= Leah Parry =

Australian softball player

Leah Parry (born 1 July 1980 in Western Australia) is an Australian female softball Olympian. She has over 140 caps for Australia. She was selected for the Tokyo 2020 Olympics.

== Early years ==
Parry began playing for the Fremantle Rebels in the Perth Softball League at a young age. She first represented Western Australia at the age of 13 in 1993.

== Achievements ==
In 2003, Parry was part of the Western Australia (WA) team that claimed its first Gilley's Shield win since 1959. She was also part of the WA team that won again in 2011 and 2013.

Parry was one of the players cut for the Spirit's Beijing 2008 squad. This was the last Olympic Games in which softball was included until being reintroduced for the Tokyo 2020 Olympics.

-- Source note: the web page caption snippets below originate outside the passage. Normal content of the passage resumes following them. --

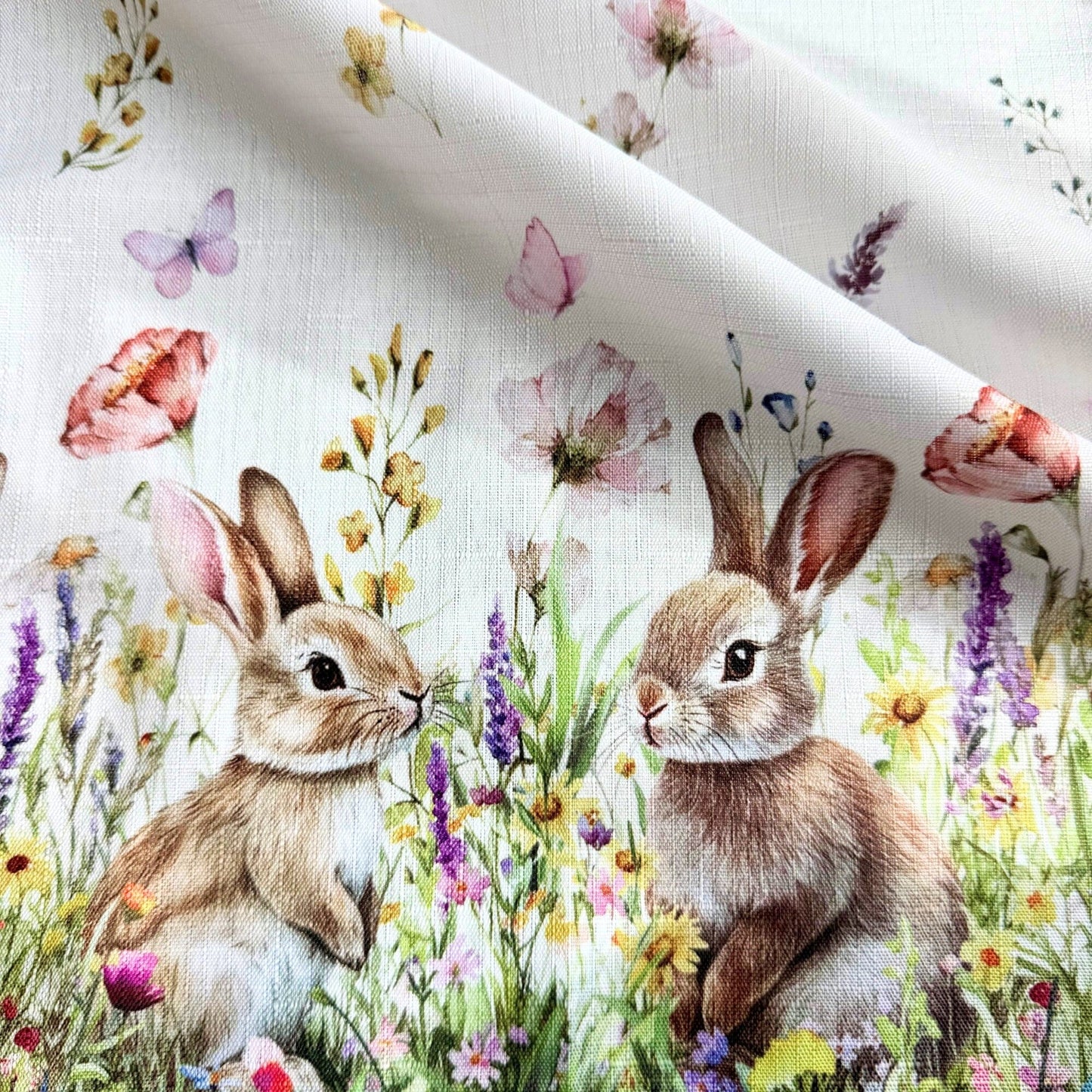 Bunny Blossom Easter Napkins, Set of 4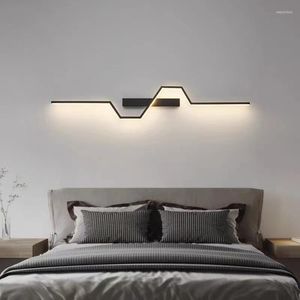 Muurlampen moderne minimalistische lamp woonkamer tv -achtergrond Lange strip slaapkamer bedkamer led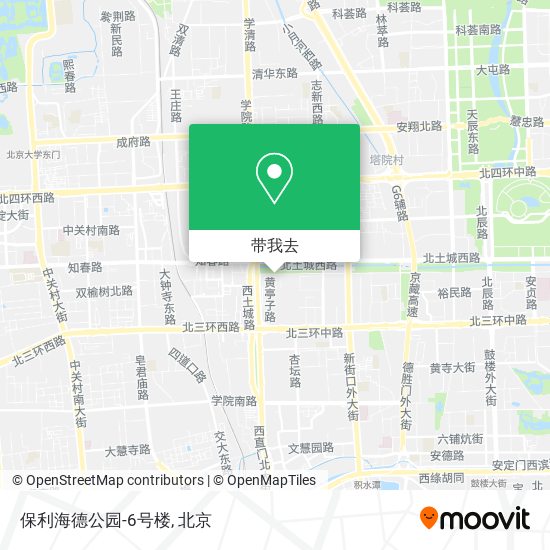 保利海德公园-6号楼地图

She was then selected for the 2010 World Championships but decided to retire for two years. She made a comeback when it was announced that softball was once more included as an Olympic sport in the 2020 Olympics.

Parry as a second baser, batting over 0.380 at Nationals, earned selection back into the Australian team for the 2019 Asia Pacific Cup.

Parry was selected in the Australian softball squad for the Tokyo 2020 Olympics. The team won 1 of 5 matches in the group stage and did not compete for a medal.